At high marker density, the relationship matrix is estimated as \(A=W W'/c\), where \(W_{ik} = X_{ik} + 1 - 2 p_k\) and \(p_k\) is the frequency of the 1 allele at marker k. By using a normalization constant of \(c = 2 \sum_k {p_k (1-p_k)}\), the mean of the diagonal elements is \(1 + f\) (Endelman and Jannink 2012).
The EM imputation algorithm is based on the multivariate normal distribution and was designed for use with GBS (genotyping-by-sequencing) markers, which tend to be high density but with lots of missing data. Details are given in Poland et al. (2012). The EM algorithm stops at iteration \(t\) when the RMS error = \(n^{-1} \|A_{t} - A_{t-1}\|_2\) < tol.

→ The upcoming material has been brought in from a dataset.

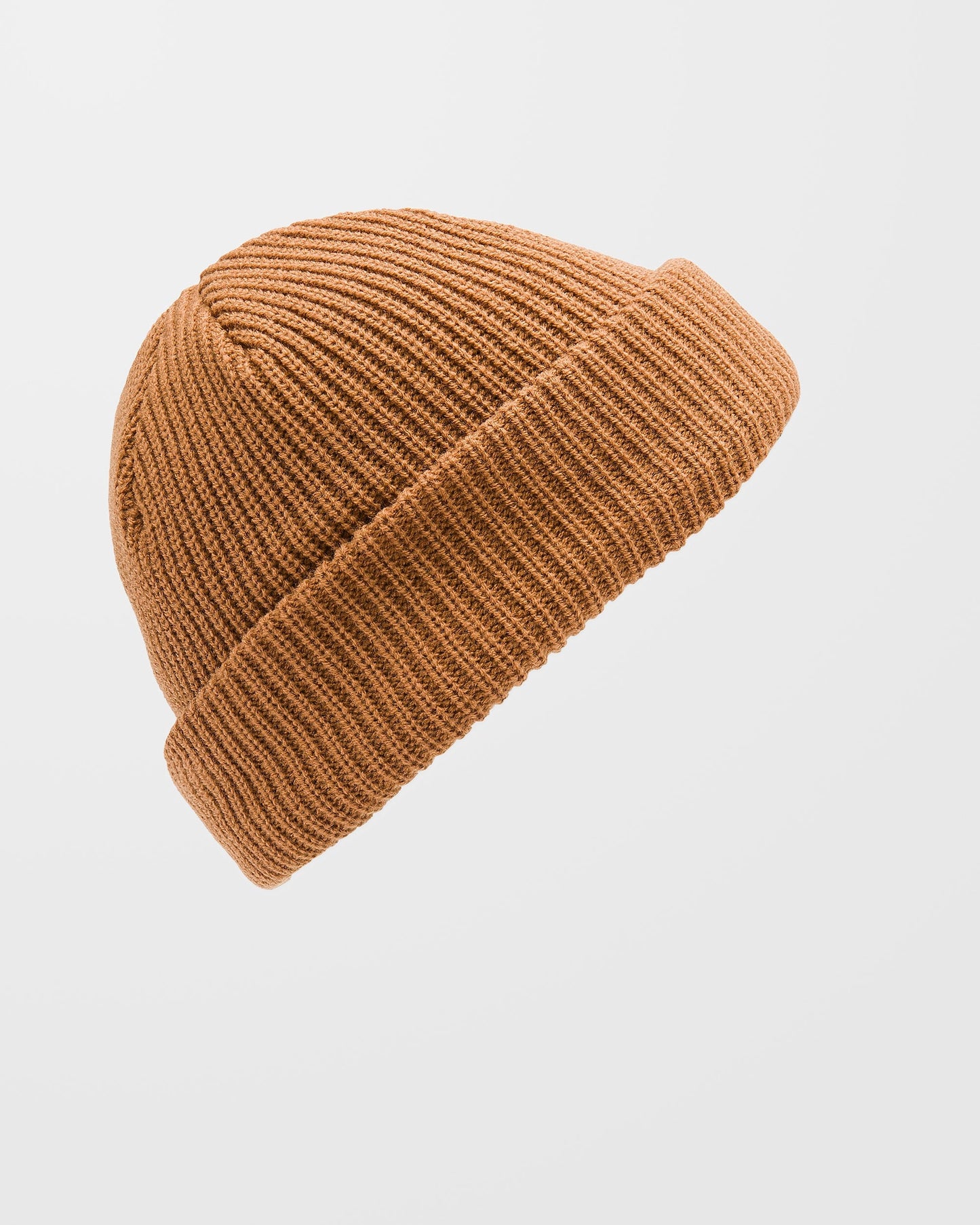 Gefütterte Beanie-Mütze für Jugendliche – Karamell – (KINDER)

At low marker density (m < n), shrinkage estimation can improve the estimate of the relationship matrix and the accuracy of GEBVs for lines with low accuracy phenotypes (Endelman and Jannink 2012). The shrinkage intensity ranges from 0 (no shrinkage, same estimator as high density formula) to 1 (completely shrunk to \((1+f)I\)). The shrinkage intensity is chosen to minimize the expected mean-squared error and printed to the screen as output.
The shrinkage and EM options are designed for opposite scenarios (low vs. high density) and cannot be used simultaneously.
When the EM algorithm is used, the imputed alleles can lie outside the interval [-1,1]. Polymorphic markers that do not meet the min.MAF and max.missing criteria are not imputed.